* **Exercise goal**: What you write must match, character for character, the lines from the one with "Digital Marketing Performance: 7" down to the one with "Maison à vendre 5 pièces 101 m² Brindas" in the listing below, minus its pictures.

* **Exercise inputs**:

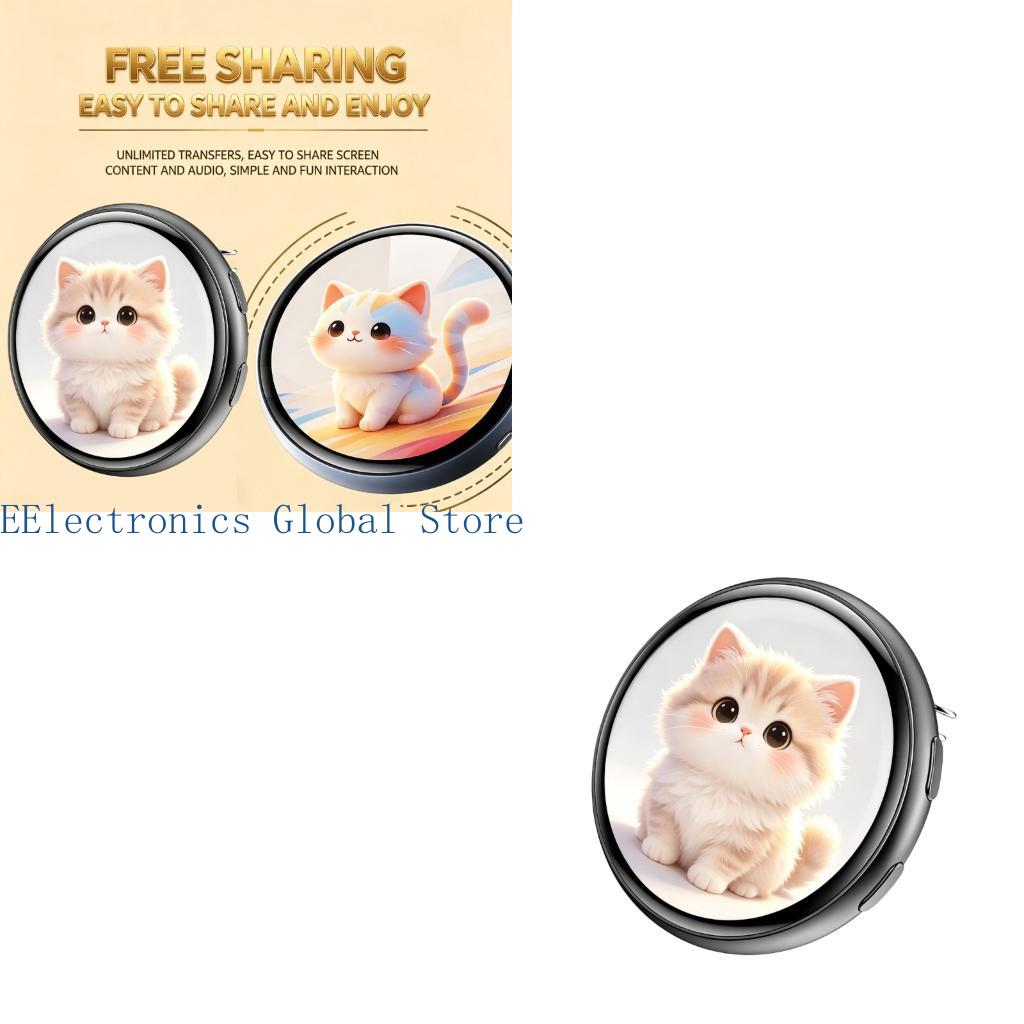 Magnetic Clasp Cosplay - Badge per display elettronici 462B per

--

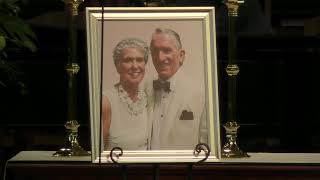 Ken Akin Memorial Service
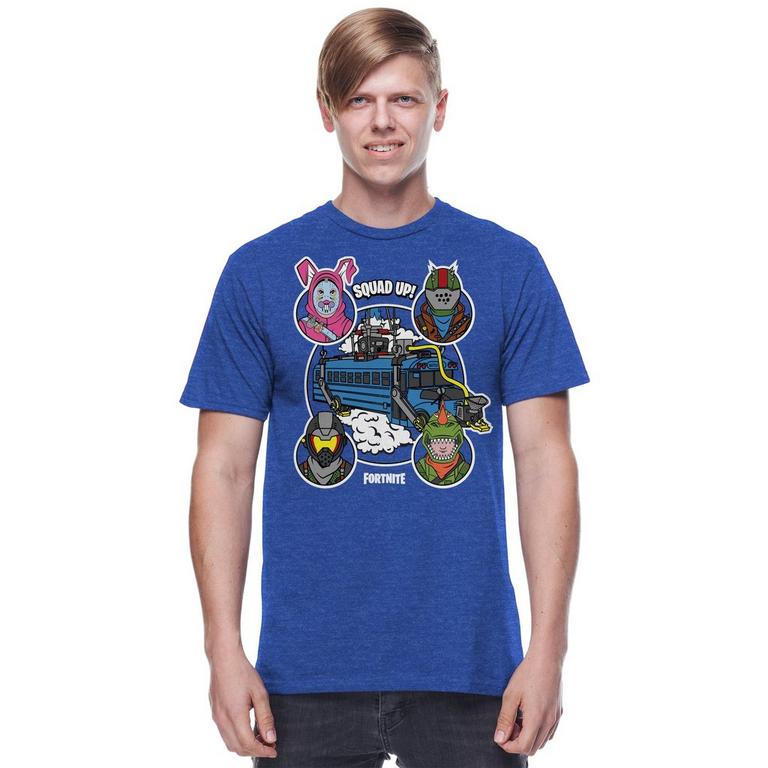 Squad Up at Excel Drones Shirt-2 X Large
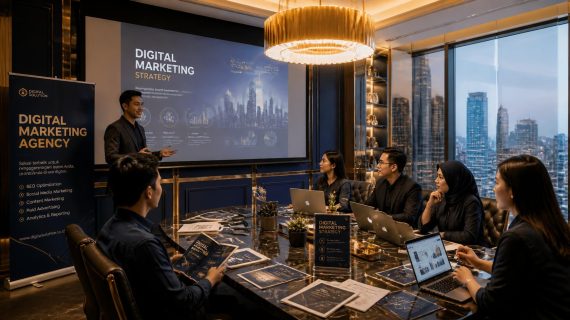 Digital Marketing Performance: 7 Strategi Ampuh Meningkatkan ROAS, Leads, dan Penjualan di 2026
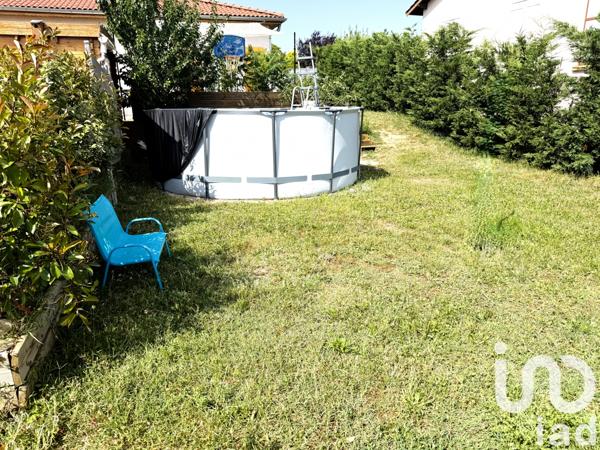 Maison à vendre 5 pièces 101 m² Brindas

...

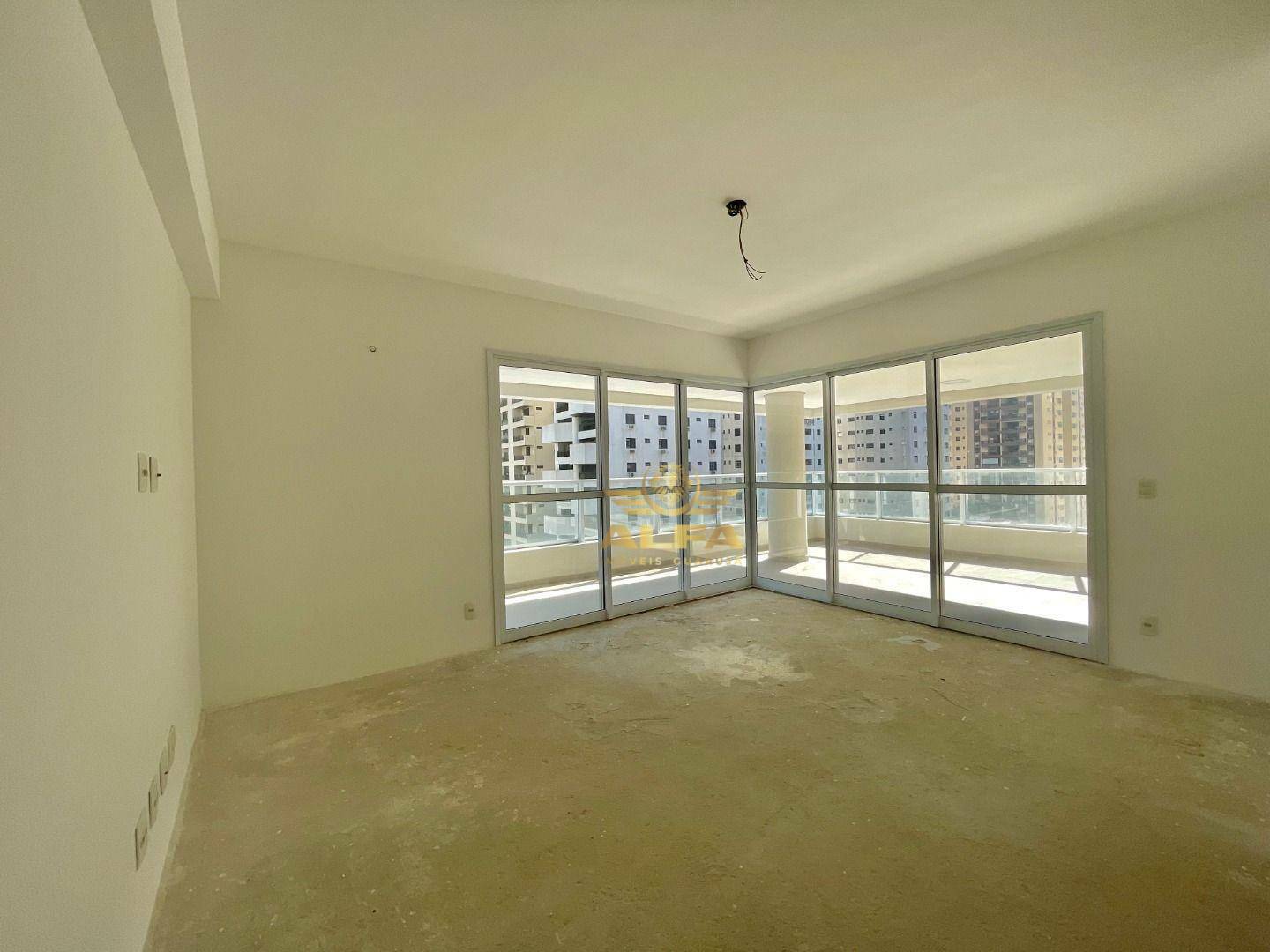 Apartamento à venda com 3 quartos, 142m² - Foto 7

* **Answer section**:
 Digital Marketing Performance: 7 Strategi Ampuh Meningkatkan ROAS, Leads, dan Penjualan di 2026
 Maison à vendre 5 pièces 101 m² Brindas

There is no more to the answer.